Why is the national costume not widely worn nowadays? The Soviet period formed the understanding that the national costume was not a festive outfit, but one worn by performers at concerts. Strict rules were laid down as to where and how it could be worn. For example, to go out into the streets dressed in the national costume on the anniversary of the Russian October Revolution was considered to be too bold an act. But if you were a member of some amateur song and dance group, you could take part in a parade and even have a photograph taken. Clear boundaries were set as to when and where you could demonstrate your national identity, which was not even considered a personal attribute but an attribute of the common folk. The sign of liberation from Soviet ideology was that women would go to Sąjūdis rallies and meetings dressed in the national costume.
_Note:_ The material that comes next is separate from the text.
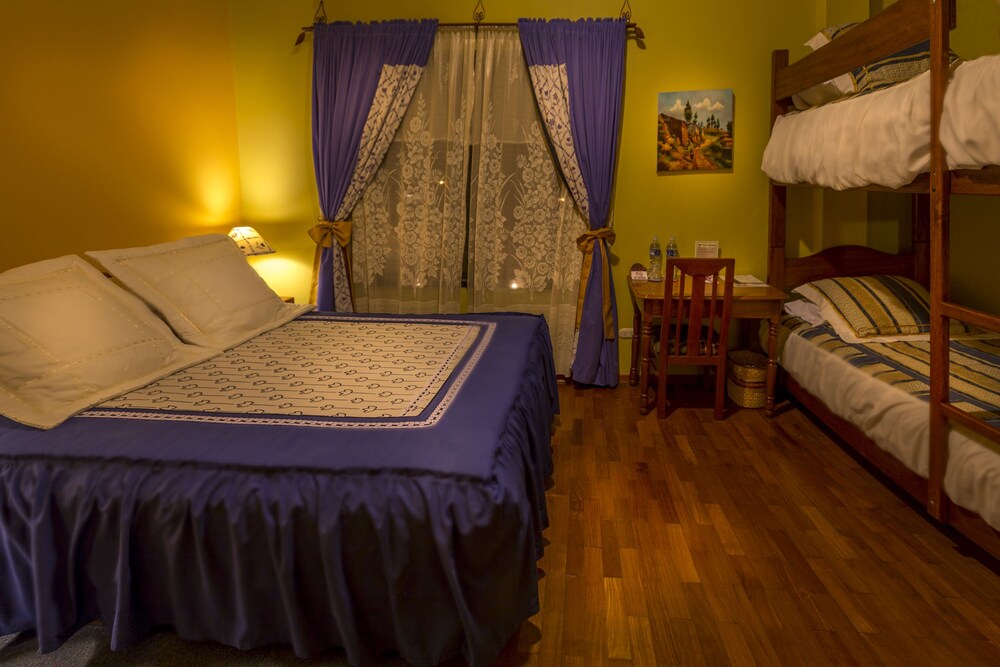 Guestroom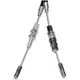 Brake cable black 910.8.22.001.0 for Puch X 50/2, 50/3, Zünd_1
Of somewhat more interest are Lietuva’s creative productions, for example, their operas about mediaeval crusades. However, let’s not forget that during the Soviet period Lithuanian national consciousness was very strongly based on the myths of the Lithuanians fighting the Teutonic Knights. The romantic sentiments of the Lithuanians in the interwar years were exploited, perpetuating the ideologeme of the ‘West’ always being hostile towards Lithuania. One of such myths involved the defenders of Pilėnai, a Lithuanian fortress, under attack by the Teutonic Order in the 14th century deciding because of the overwhelming odds to burn their property and commit suicide to deprive the Order of a meaningful victory. The Lietuva ensemble has included this popular subject and similar ones in its repertoire.

In my opinion, one must evaluate the whole and not just separate elements. During the Soviet period Lietuva at least for some time operated like a laboratory. Those who were to create work for Lietuva were given very clearly defined guidelines and boundaries. One of the requirements was for the subject matter to have rural life at its centre. Today we see those boundaries as characteristic of national consciousness while we would probably tend to regard the crossing of those boundaries as contempt for national consciousness.
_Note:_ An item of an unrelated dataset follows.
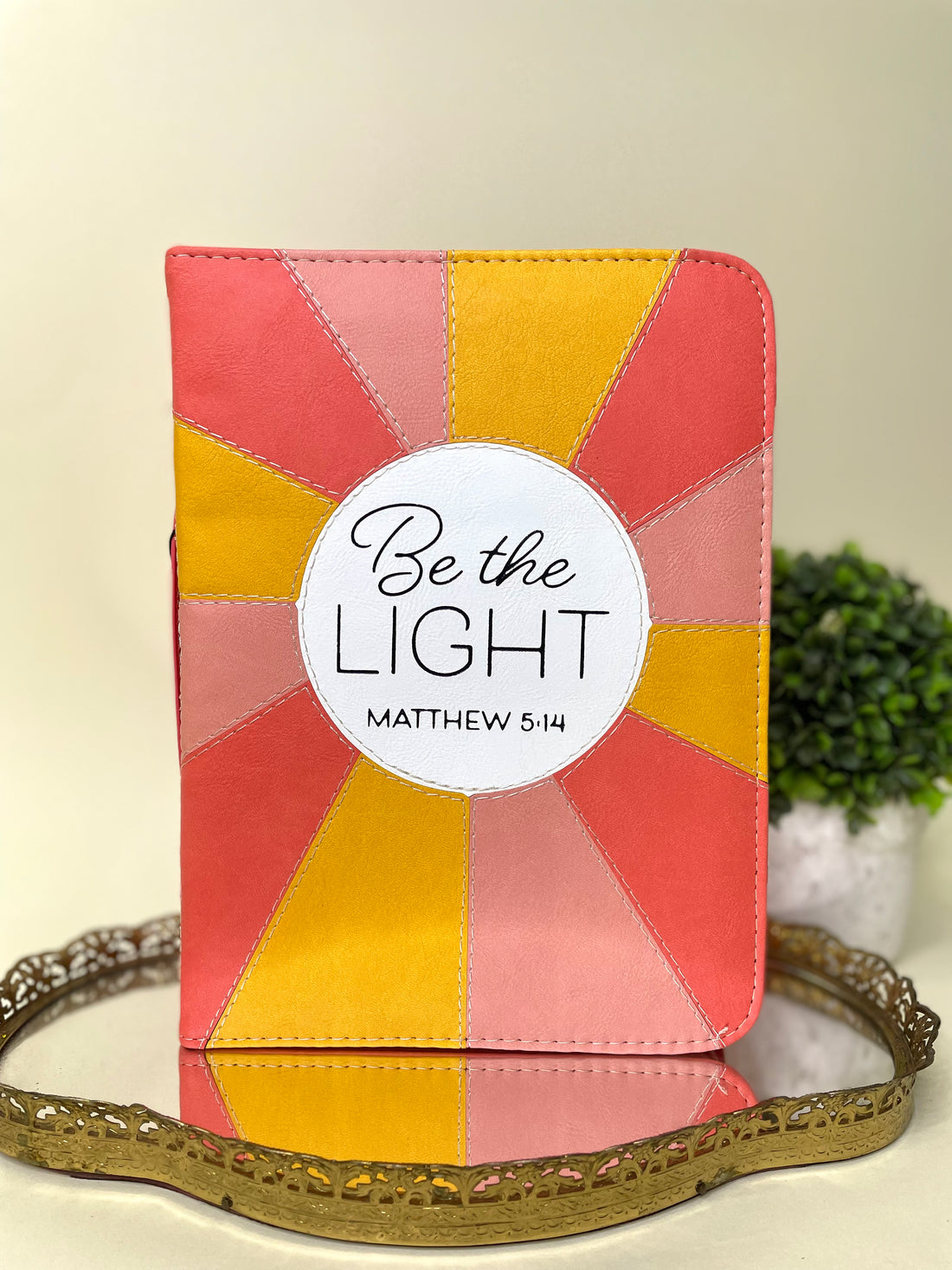 Bible Cover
The Soviet period wasn’t homogeneous, its stages – the post-war years, the 1960s, and the final years – were all different. The guidelines and the restrictions imposed were also not always uniform. For example, there was a student song and dance ensemble at the University of Vilnius, an analogue of Lietuva, but later the folklore ensemble Ratilio performing more authentic as opposed to stylised material was also founded at the University of Vilnius. Was that ensemble also ideologically controlled? Obviously, they couldn’t sing songs of exile or urban romances, they had to promote the old folklore. So what restrictions were place on them?

The repertoire was, of course, under the supervision and approval of the Communist Youth organisation or other responsible persons. However, folklorists undoubtedly provided an alternative to the song and dance ensembles. Later, they also were invited to participate in the Song Festivals and included in the Soviet system of amateur arts groups. It’s far from the case that folklore ensembles were forbidden but priority was given to the stylised folk arts.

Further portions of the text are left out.